Fast schon wöchentlich werden in Baden-Württemberg Geldautomaten gesprengt. Innenminister Strobl will, dass sich die Banken besser schützen. Machen sie es den Tätern zu einfach?

Rottenburg, Pforzheim-Eutingen, Pforzheim-Haidach, Bretzfeld-Schwabbach - die Liste von einschlägigen Tatorten ließe sich beliebig erweitern. Schließlich handelt es sich dabei nur um die Orte aufgesprengter Geldautomaten in den vergangenen drei Wochen. Im zurückliegenden Jahr 2022 waren es insgesamt 34, wie das Landeskriminalamt (LKA) auf SWR-Anfrage mitteilt. Knapp 1,9 Millionen Euro konnten die Täter so erbeuten. Längst hat die Sprengung von Geldautomaten den "klassischen Bankraub" abgelöst, wie das Innenministerium schreibt. Umso drängender stellt sich die Frage, ob die Sicherheitsvorkehrungen in Baden-Württemberg ausreichen. Dabei gehen die Meinungen weit auseinander.

Für Innenminister Thomas Strobl (CDU) ist die Situation klar. Die Polizei setze bereits alles daran, die Täter "dingfest zu machen". Daher nimmt er die Hersteller und Banken in die Pflicht. Sie müssten nachjustieren, beispielsweise mit Hilfe von Einbruchmeldeanlagen, Videotechnik, dem Anschluss an eine zertifizierte Notruf- und Serviceleitstelle oder noch sicherere Geldautomaten. "Unsere Nachbarländer verwenden erfolgreich Einfärbe- und Klebesysteme, um im Fall einer Sprengung Bargeld unbrauchbar zu machen. Geldautomatenbetreiber und -hersteller müssen hier nachziehen, auch bei uns in Deutschland für mehr Sicherheit sorgen - etwa durch den Einsatz von Vernebelungstechnik oder Einfärbe- und Klebesystemen", sagt er dem SWR.

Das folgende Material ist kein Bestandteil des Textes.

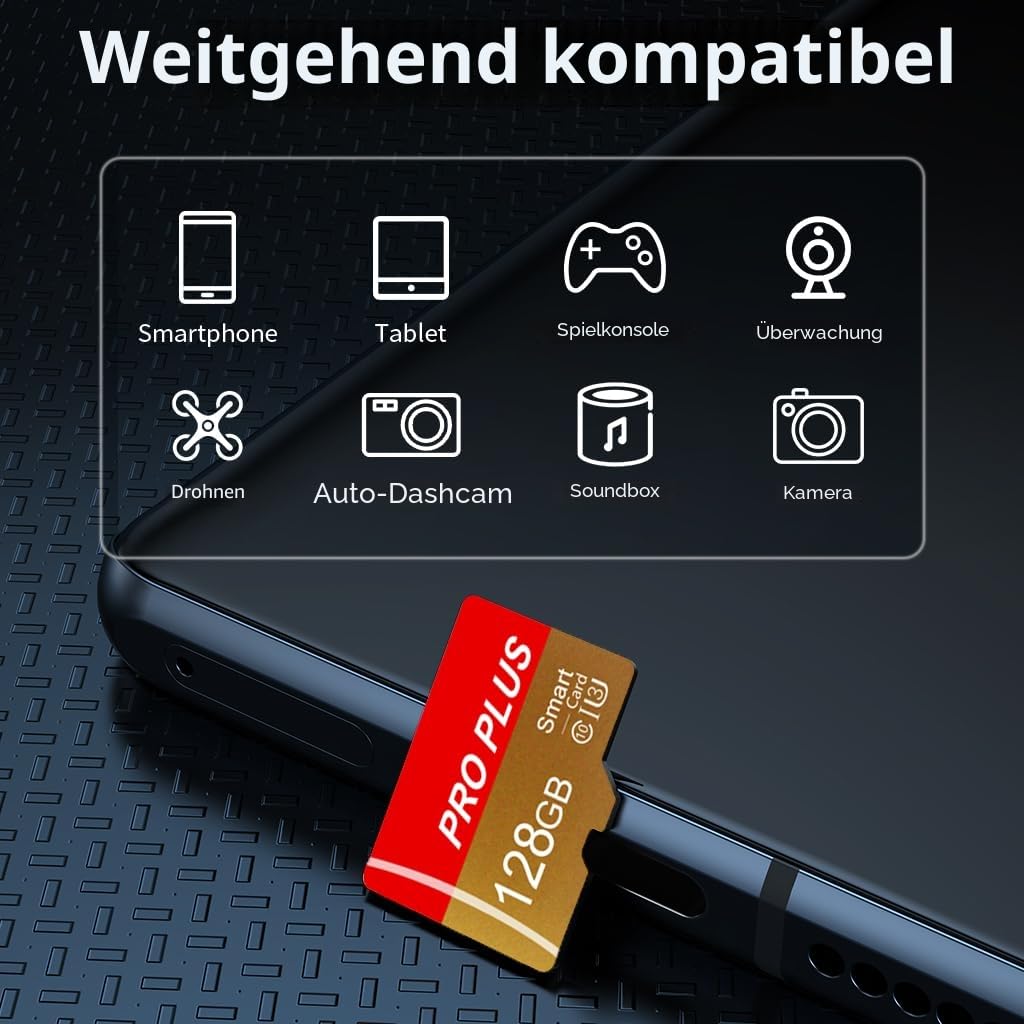 Speicherkarte 128GB UHS-I C10 A1 TF Card with Adapter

Sparkassenverband widerspricht Strobl

Dem erwidert der Sparkassenverband Baden-Württemberg, dass man bereits einiges getan habe. Man würde "schon lange in standortindividuelle Sicherungsmaßnahmen" investieren, "die nicht nur darauf abzielen, den Erfolg der Tat zu erschweren, sondern die Tat schon im Vorfeld zu verhindern", sagt Sprecher Stephan Schorn.

Wie das genau aussieht, führt er nicht aus. Allerdings würden die Sicherungskonzepte "bauliche, mechanische, elektronische und organisatorische Maßnahmen" umfassen. Dazu gehört neben der nächtlichen Schließung von Gebäuden auch die Einfärbung des Geldes im Falle einer Explosion, die an manchen Automaten bereits eingesetzt werde, erklärt Schorn. Im Fokus stehen vor allem Standorte, die als besonders gefährdet gelten, weil sie beispielsweise in der Nähe einer Autobahn liegen und die Täter somit schnell fliehen können. Auch die Nähe zu Landesgrenzen ist laut Innenministerium ein Faktor.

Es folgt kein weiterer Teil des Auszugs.